Le Tribunal de l’Union européenne s’est prononcé ce mercredi en faveur de l’interdiction de fournir des conseils juridiques au gouvernement russe et aux entités établies en Russie. Il rejette les recours formés en décembre 2022 par le syndicat ACE-Avocats, Ensemble, l’Ordre néerlandais des avocats du barreau de Bruxelles, l’Ordre des avocats à la cour de Paris et Julie Couturier.

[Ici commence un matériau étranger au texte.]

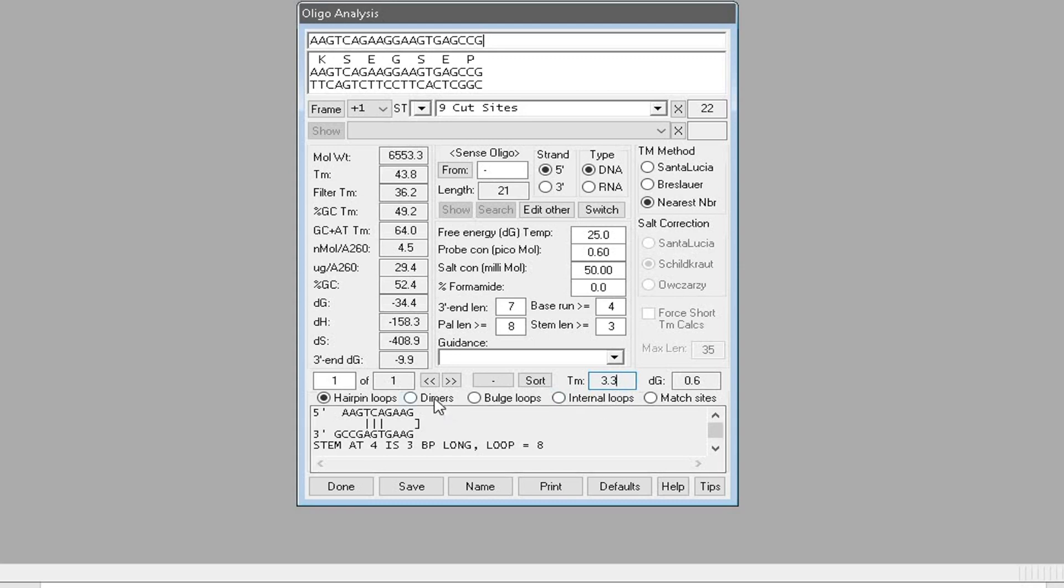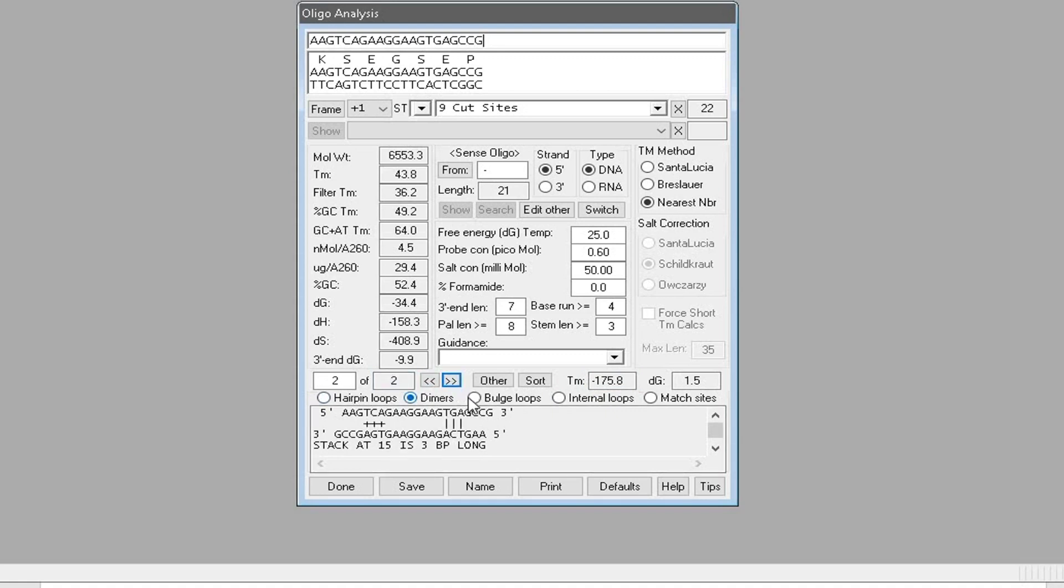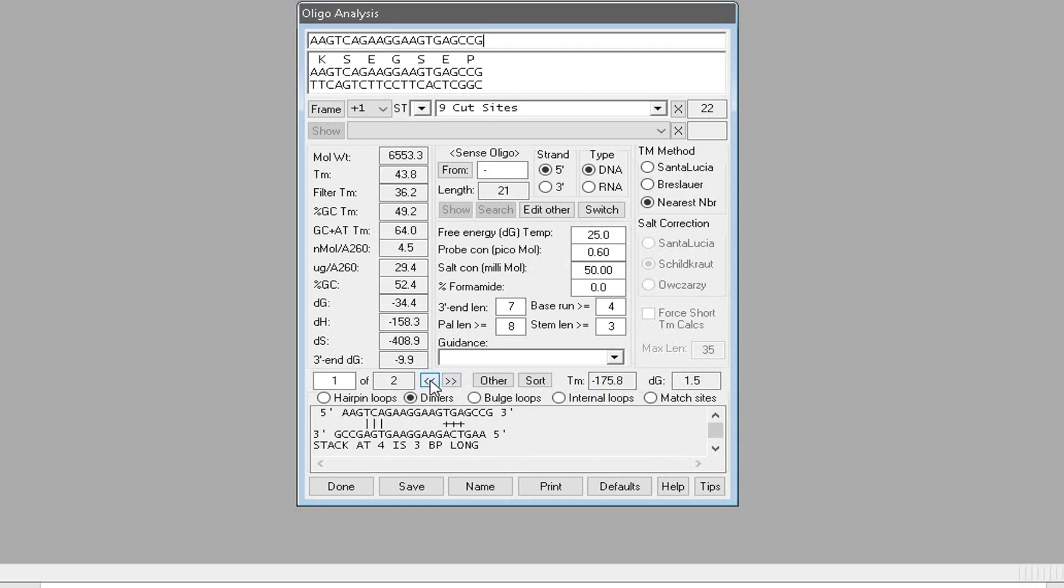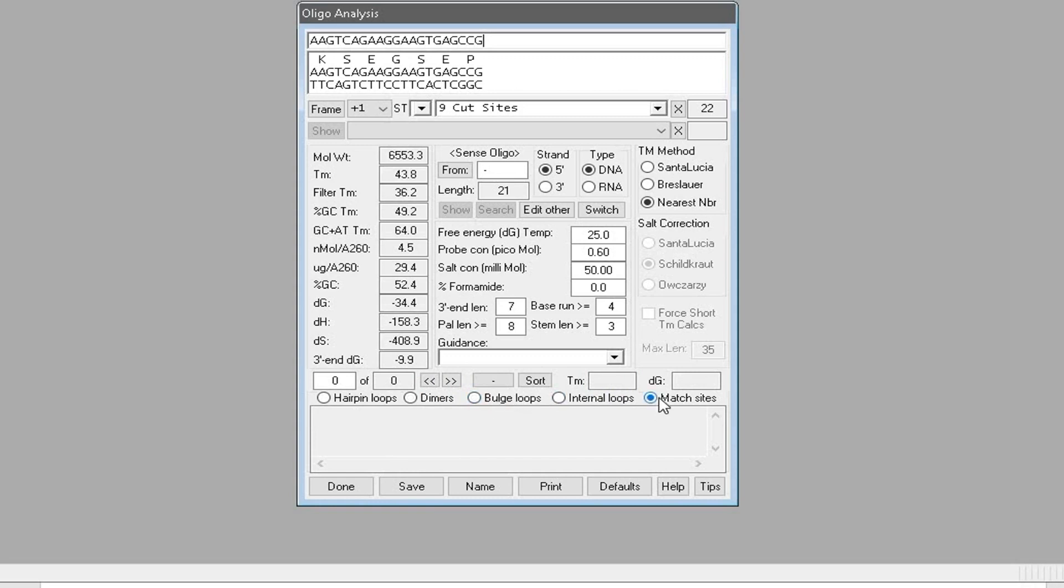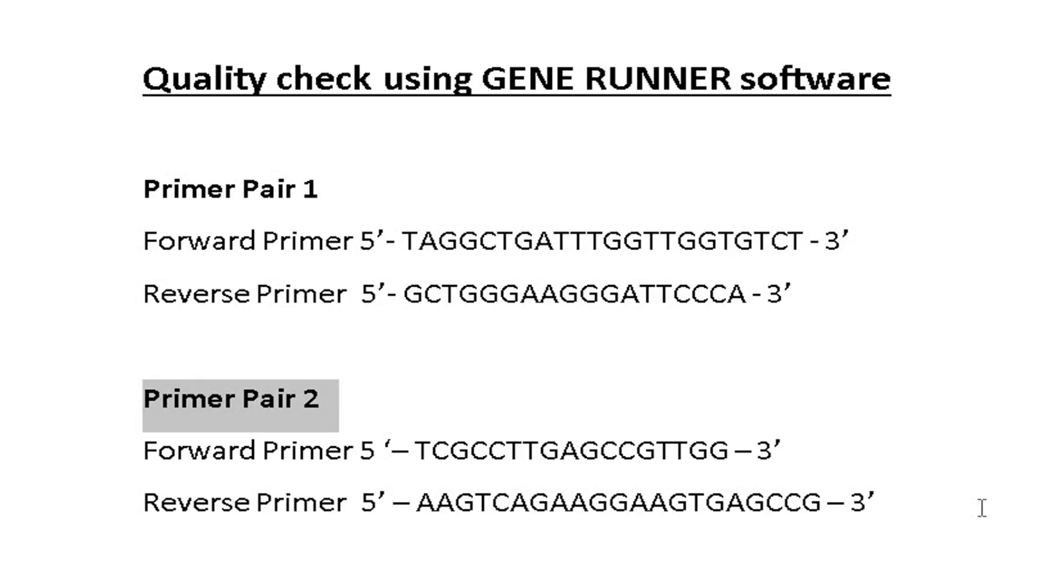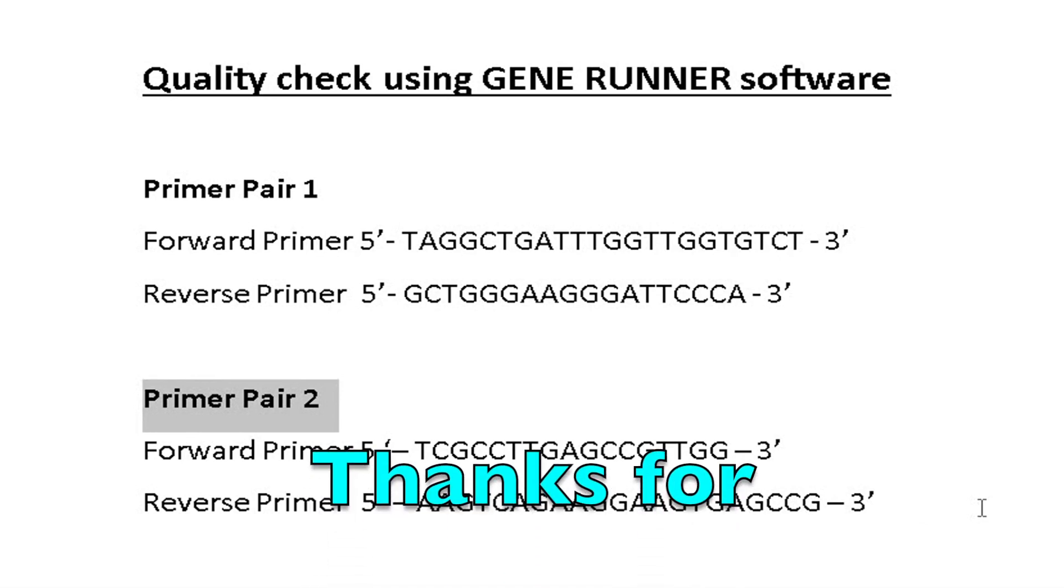The two dimers detected by this software can also be ignored since the thermal cycle will not achieve minus 175.8 degrees Celsius. This software did not detect any bulge loops, internal loops, or match sites. Considering all these parameters and properties, primer pair two can be selected for further use.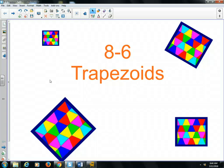Hi class, welcome to our last video lesson on chapter 8. It's 8-6, we're talking about trapezoids today.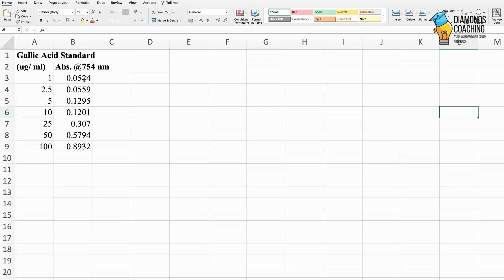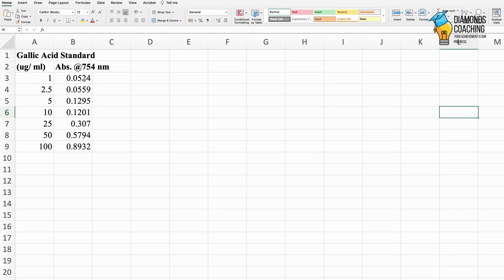Today we will see how to make a standard graph using Excel. I have already shown you the calculations of total phenolic content in the previous video, and many of you commented asking me to show you how to make the standard graph and from where the y = mx + c equation comes from.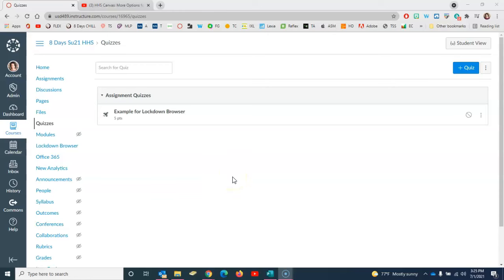Hello Hayes High Teachers, this is Marie Henderson. In this video we're going to look at enabling Lockdown Browser for your Canvas quiz.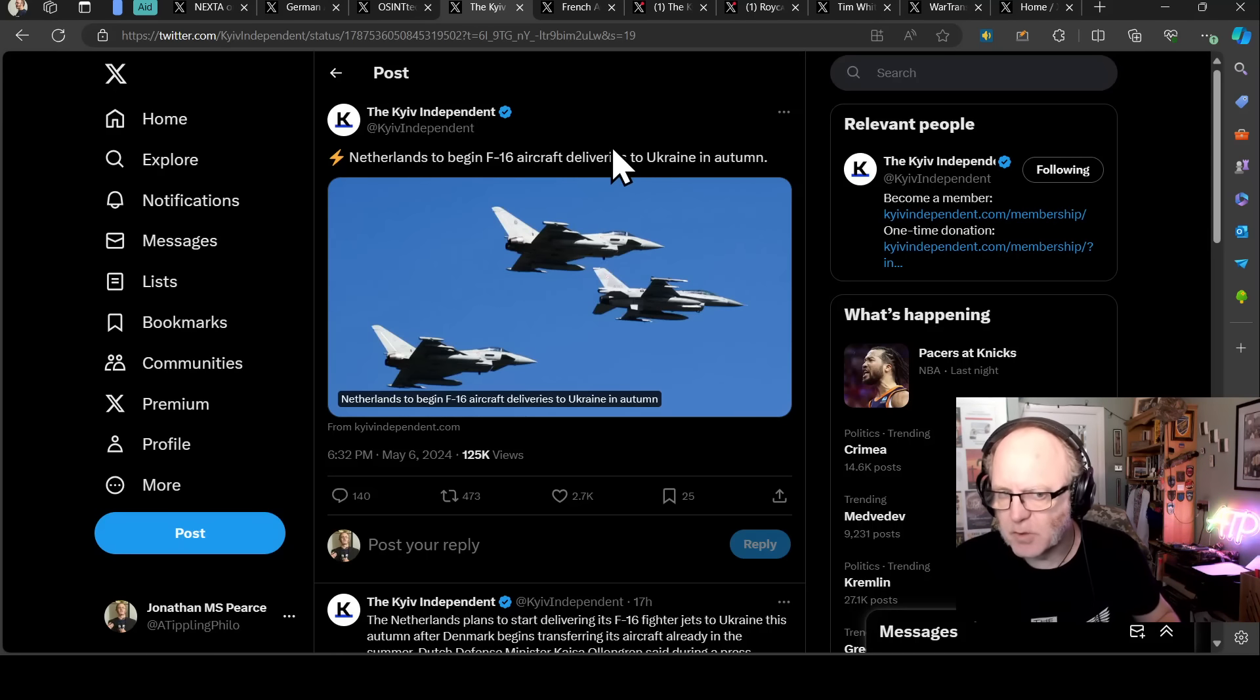Besides providing personnel, Chechnya's other key contribution to Russia's war against Ukraine is in providing training for Russian personnel. The Russian special forces university in Gudermes, Chechnya, has provided training for around 42,000 Russian personnel since 2022, according to Chechnya's leadership. However, it's likely personnel only receive up to 10 days training at the university, bringing the effectiveness of the training and institution into doubt.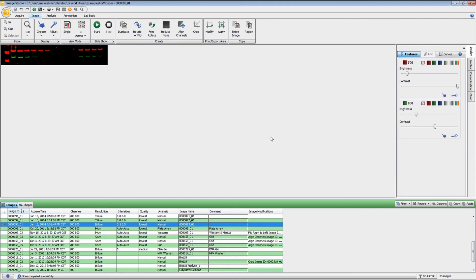If you have any further questions about image acquisition for the Odyssey Classic, please refer to either the manual or the help section, which can be accessed right up here. Thank you.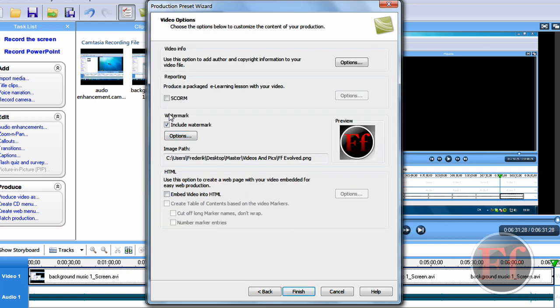Then you can choose to add a watermark. I have a video if you do not know what a watermark is. It's basically the little icon in the corner I have. And then you just click finish.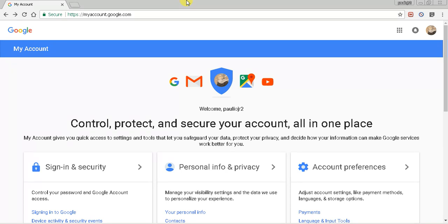Hey what's going on everybody, this is Paulio Jr. and in today's video we're going to be doing a very short tutorial on how to see which applications have account access to your Google account.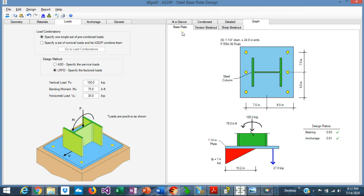Graphically, we can see the base plate here — it's 18 by 18 with six anchor rods. These are the applied loads. The resulting bearing stresses are shown here, as well as the resulting tension in the anchor rods.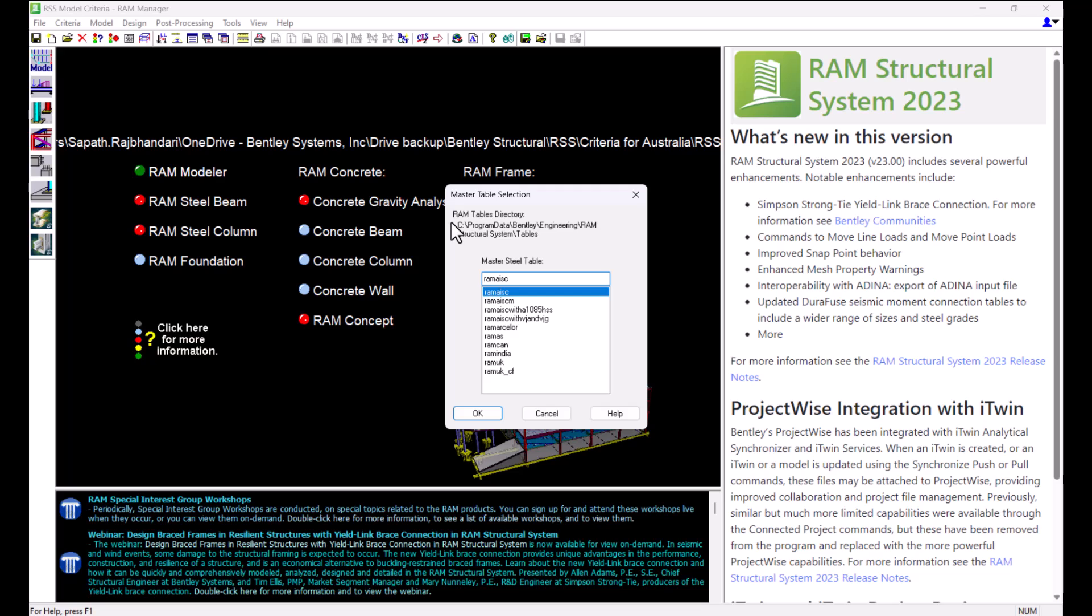Several Master Steel Tables are provided with the program including that for the AISC, British and the Australian Shapes.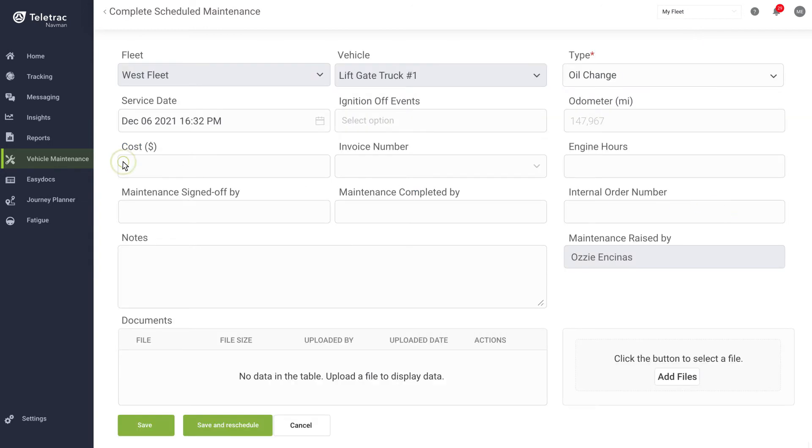The maintenance feature also allows you to complete maintenance by filling out a simple form that captures key data for record-keeping. This includes the date maintenance was completed, who completed the maintenance, and the cost.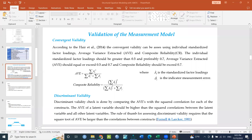The structural equation modeling with MOSKER. When we talk about the measurement model, we talk about the validity of the measurement model.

Mercredi 2 octobre. Dans trois arrêts, les juges européens ont validé l’interdiction de fournir des services de conseil juridique au gouvernement russe ou à des personnes morales, des entités et des organismes établis en Russie énoncée dans les articles 1er des règlements du Conseil de l’Union européenne des 6 octobre et 16 décembre 2022 et du 25 février 2023. Le tribunal luxembourgeois refuse ainsi d’accéder aux demandes du syndicat français ACE-Avocats, Ensemble, de l’Ordre néerlandais des avocats du barreau de Bruxelles, de l’Ordre des avocats à la cour de Paris et de Julie Couturier : les 23, 26 et 28 décembre 2022, ces derniers avaient introduit chacun devant le Tribunal de l’Union européenne (UE) un recours en annulation de ces articles adoptés après l’invasion russe de l’Ukraine. Le motif de ces recours ? Cette interdiction serait une violation de la Charte des droits fondamentaux de l’UE et par là même du secret professionnel des avocats et du droit à se faire conseiller par eux. Le syndicat français évoque également la violation du “droit des avocats à prester des services de conseil juridiques sans restrictions particulières”.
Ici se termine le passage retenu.